Mientras miraba el pecho y el pezón enormes, con sus geometrías inexorables, decidí que la mejor manera de tratar a esa joven de franqueza tan excéntrica era pasar por alto el hecho de que se hubiese apartado de la convención. Después que el examen infrarrojo confirmó que el nódulo que se sospechaba canceroso era en realidad un quiste benigno se abotonó la camisa y dijo:

      –Es un alivio. Llámeme, doctor, si alguna vez necesita un curso de masajes. Me encantaría devolverle el favor.

      Aunque ella todavía me intrigaba, yo ya iba a pasar los créditos dando por concluida esa extraña consulta cuando su oferta casual anidó en mi cabeza. Curioso por verla de nuevo, arreglé una entrevista para la semana siguiente.

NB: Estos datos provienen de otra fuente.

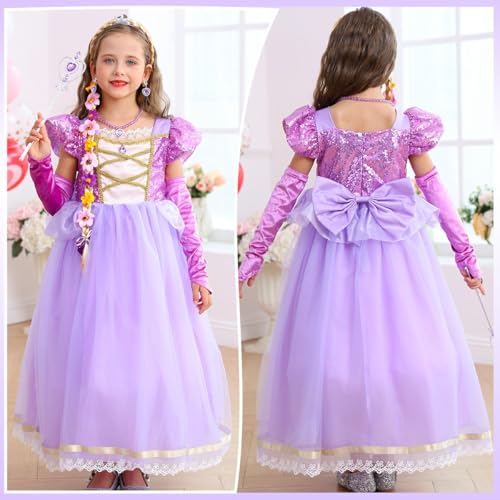 Disfraz de Princesa Morado para Niñas 7-8 años miniatura 3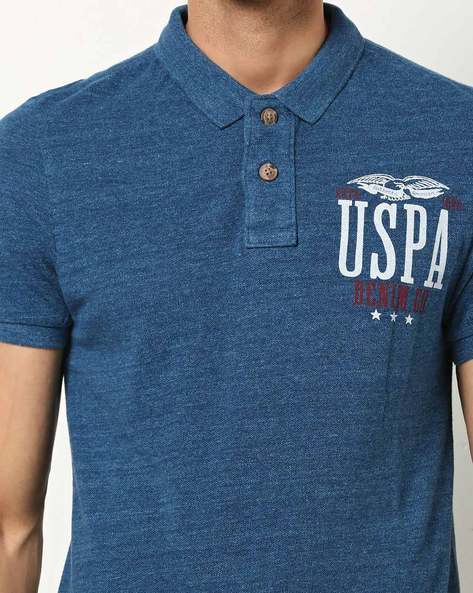 Heathered Polo T-shirt with Signature Branding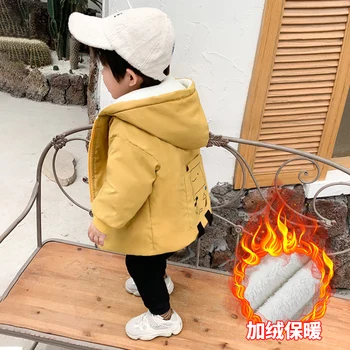

HOT SALE Baby Boys winter coat Children's padded cotton parka 1-5 years hood cotton trench Cartoon printing robot boys clothes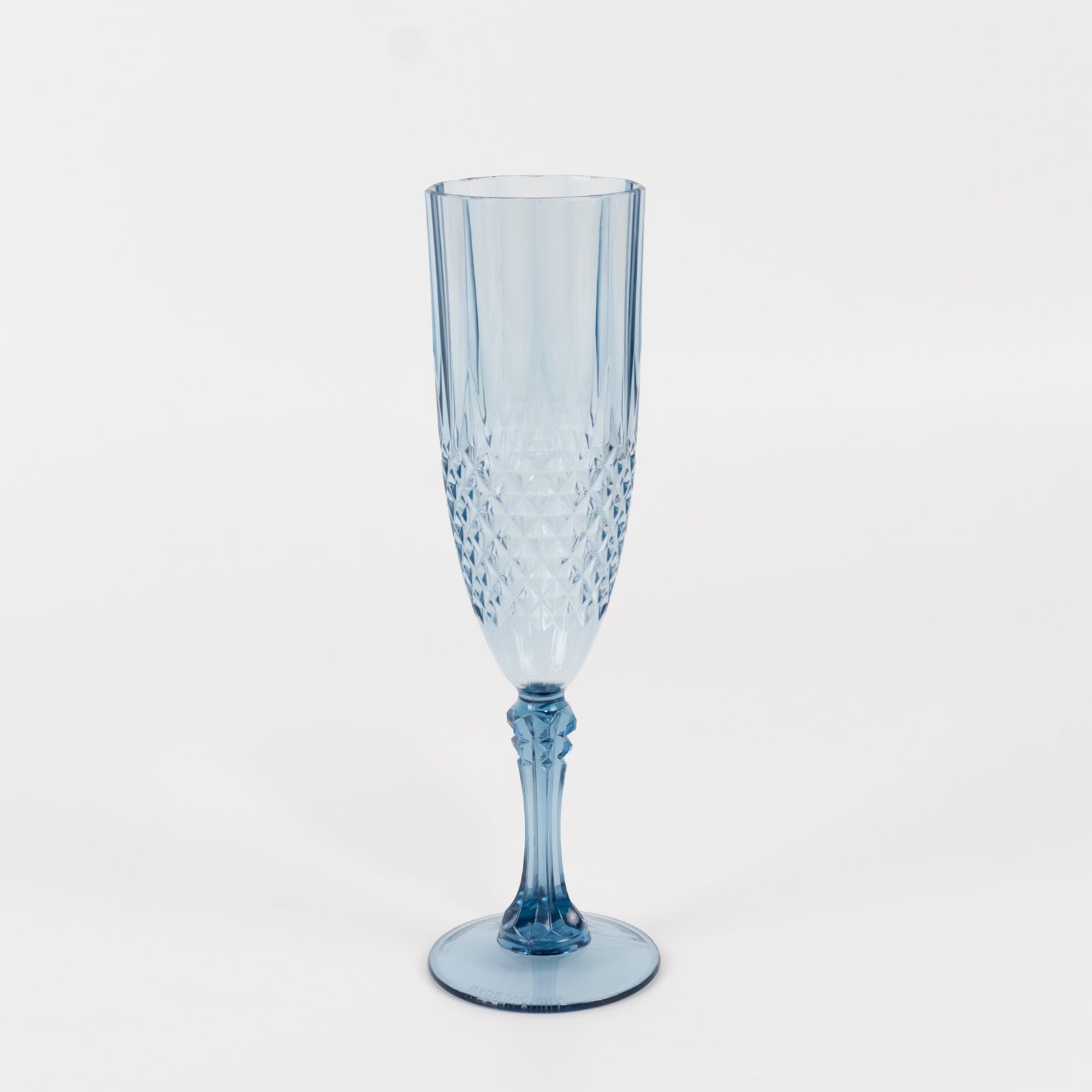 6-Pack Plastic Wedding Toast Flutes Dusty Blue Transparent Crystal Cut Style - Reusable Champagne Glasses 8oz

      Sin darme cuenta, yo ya había empezado a cortejar a esa joven insólita. La noche de la cita casi sospeché que era una especie de prostituta novicia. Sin embargo, mientras estaba tendido en el canapé de mi sauna, discretamente vestido, manipulando mi cuerpo según las instrucciones de Margaret, no hubo el menor indicio de lascivia. Durante las noches siguientes nunca detecté un solo rastro de conciencia sexual, aunque a veces, mientras hacíamos juntos los ejercicios, mostrábamos al otro bastante más de nuestros cuerpos que muchas parejas casadas. Margaret, comprendí, era una mujer impúdica, una de esas raras personas sin sentido de la timidez y con poca conciencia de las emociones lujuriosas que pueden despertar en los demás.

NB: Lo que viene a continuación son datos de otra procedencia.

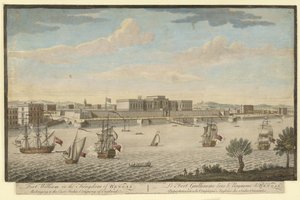 Fort William en el Reino de Bengala perteneciente a la Compañía de las Indias Orientales de Inglaterra de Jan van Ryne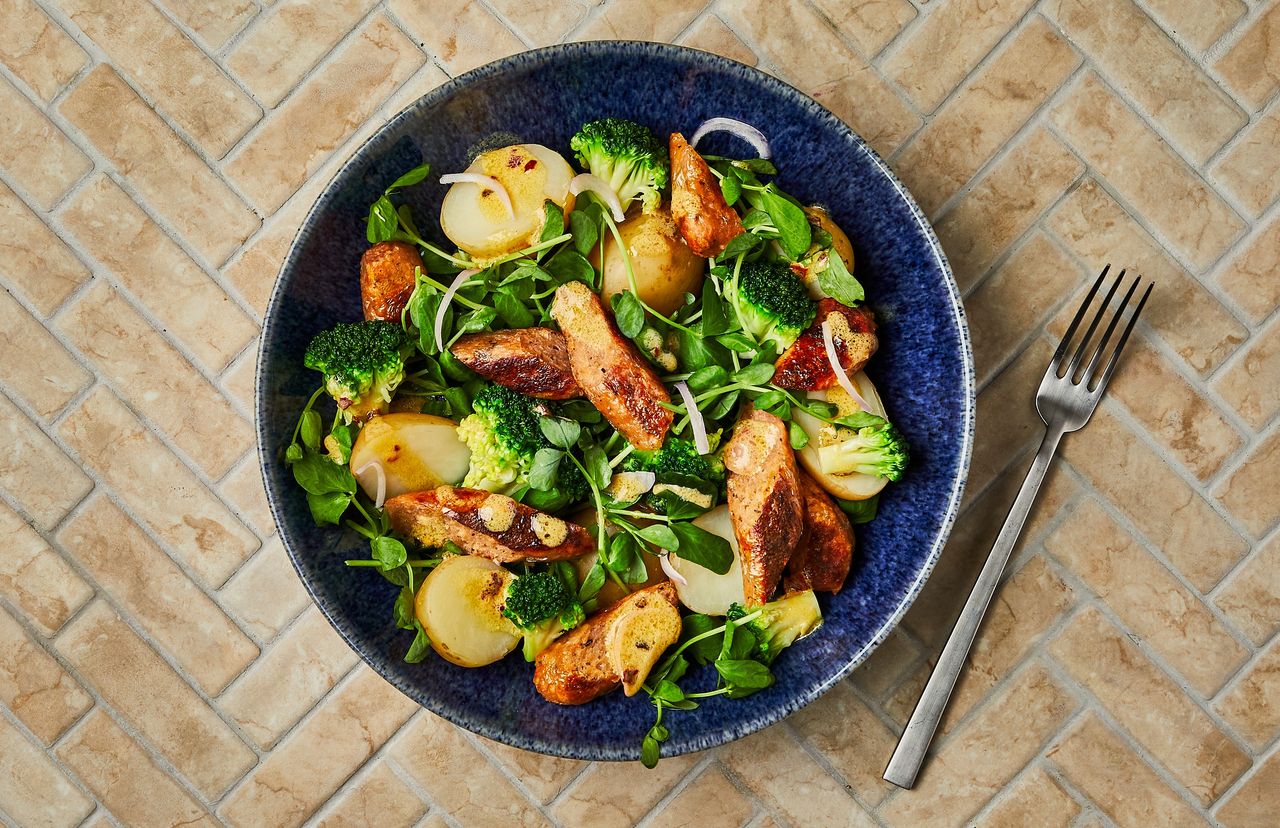 Joe Wicks Gousto meat free sausage salad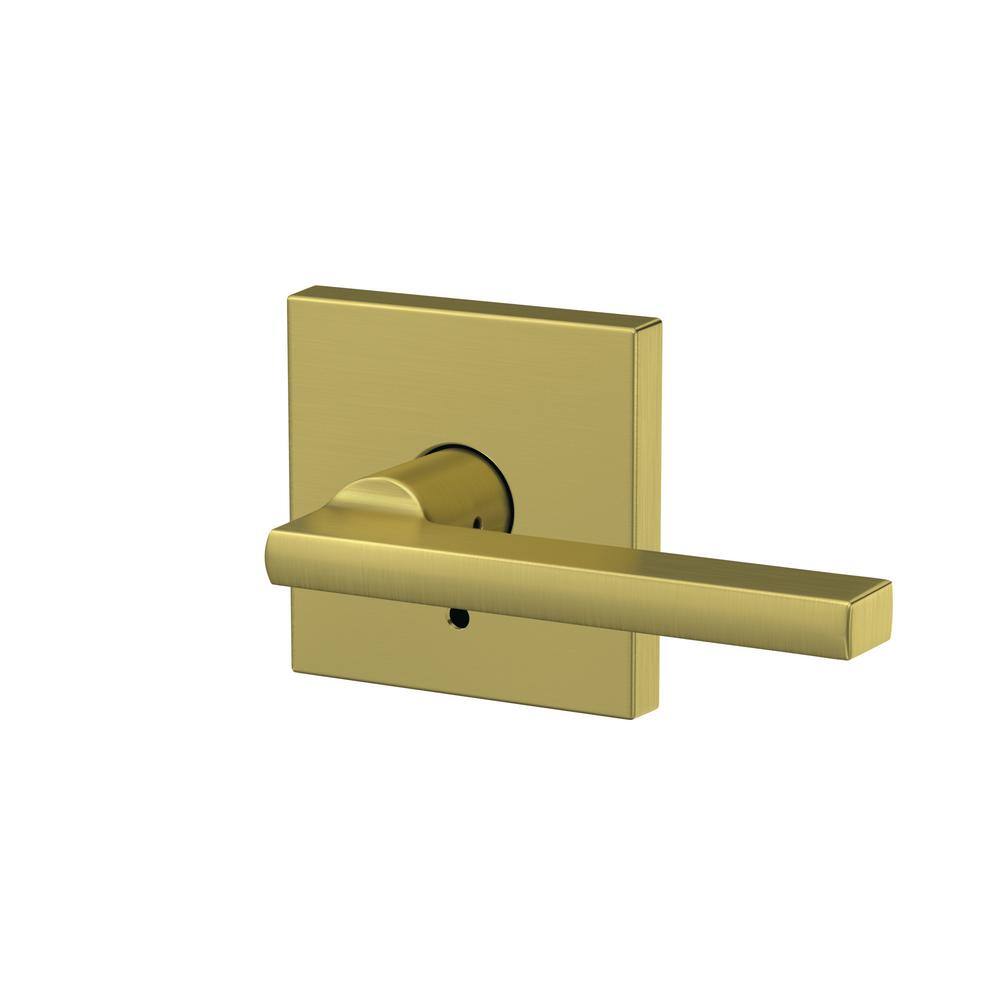 Schlage Custom Latitude Satin Brass Combined Interior Door Handle with Collins Trim FC21 LAT 608 COL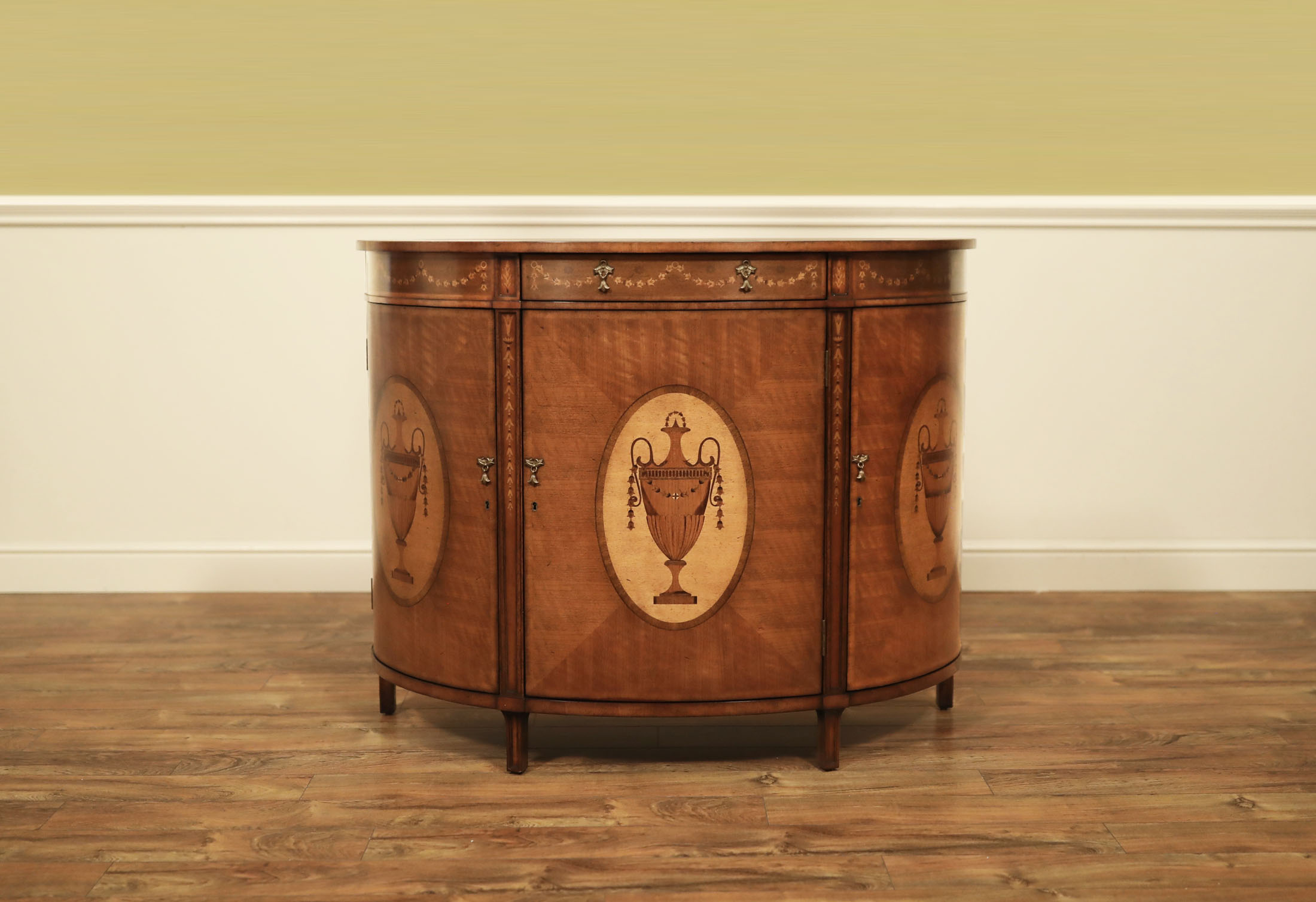 Demilune Cabinet with Satinwood Inlay and Curved Doors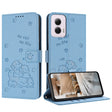 For Motorola Moto G Power 5G 2024 Embossed Kitten Phone Leather Case with Lanyard(Blue) - Motorola Cases by PMC Jewellery | Online Shopping South Africa | PMC Jewellery | Buy Now Pay Later Mobicred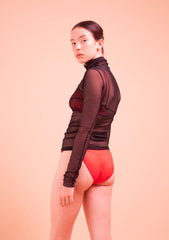 Jerome. Mesh Long Sleeve Top. Noir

Nuestro cortejo entró en una fase más formal. Comenzamos a salir juntos… quiero decir que compartíamos las mismas películas en la televisión, visitábamos los mismos teatros y las mismas salas de concierto, mirábamos las mismas comidas preparadas en restaurantes, todo dentro de la comodidad de nuestras respectivas casas. En realidad, a esa altura yo no tenía la menor idea de dónde vivía Margaret, si a diez o a mil kilómetros de donde yo estaba. Disimuladamente al principio, intercambiamos viejas películas de nosotros mismos, de la infancia y de la escuela, de nuestros sitios de temporada favoritos en el extranjero.